Let us trace the algebra. Write $\mathbf{t} = A\mathbf{s} + \mathbf{e}$. Then:

$$v - \mathbf{s}^T \mathbf{u} = (\mathbf{t}^T \mathbf{r} + e_2 + m) - \mathbf{s}^T(A^T \mathbf{r} + \mathbf{e}_1)$$

$$= (A\mathbf{s} + \mathbf{e})^T \mathbf{r} + e_2 + m - \mathbf{s}^T A^T \mathbf{r} - \mathbf{s}^T \mathbf{e}_1$$

$$= \mathbf{s}^T A^T \mathbf{r} + \mathbf{e}^T \mathbf{r} + e_2 + m - \mathbf{s}^T A^T \mathbf{r} - \mathbf{s}^T \mathbf{e}_1$$

$$= m + \underbrace{\mathbf{e}^T \mathbf{r} + e_2 - \mathbf{s}^T \mathbf{e}_1}_{\text{small noise}}$$

The $\mathbf{s}^T A^T \mathbf{r}$ terms cancel perfectly. What remains is the
message $m$ plus a small noise term. Since all of $\mathbf{s}, \mathbf{e}, \mathbf{r},
\mathbf{e}_1, e_2$ have small coefficients, their products remain small enough
that rounding recovers the correct message bits.

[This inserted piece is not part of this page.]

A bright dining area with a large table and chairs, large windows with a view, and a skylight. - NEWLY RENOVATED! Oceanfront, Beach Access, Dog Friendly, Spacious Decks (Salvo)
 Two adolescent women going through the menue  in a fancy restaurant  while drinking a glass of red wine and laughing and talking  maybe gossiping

## ML-DSA (Dilithium): Lattice Signatures

ML-DSA uses a similar lattice structure but for **digital signatures** rather
than key exchange. The core idea is the Fiat-Shamir-with-aborts paradigm:

1. **Key generation:** Same Module-LWE structure. Public key is
   $(A, \mathbf{t} = A\mathbf{s}_1 + \mathbf{s}_2)$ where $\mathbf{s}_1, \mathbf{s}_2$
   are short secret vectors.

2. **Signing:** To sign a message $\mu$:
   - Sample a random masking vector $\mathbf{y}$ with bounded coefficients
   - Compute $\mathbf{w} = A\mathbf{y}$ and derive a challenge $c$ from
     $(\mathbf{w}, \mu)$
   - Compute $\mathbf{z} = \mathbf{y} + c \cdot \mathbf{s}_1$
   - If $\mathbf{z}$ has any coefficients too large, **abort and retry**
     (this prevents leaking $\mathbf{s}_1$)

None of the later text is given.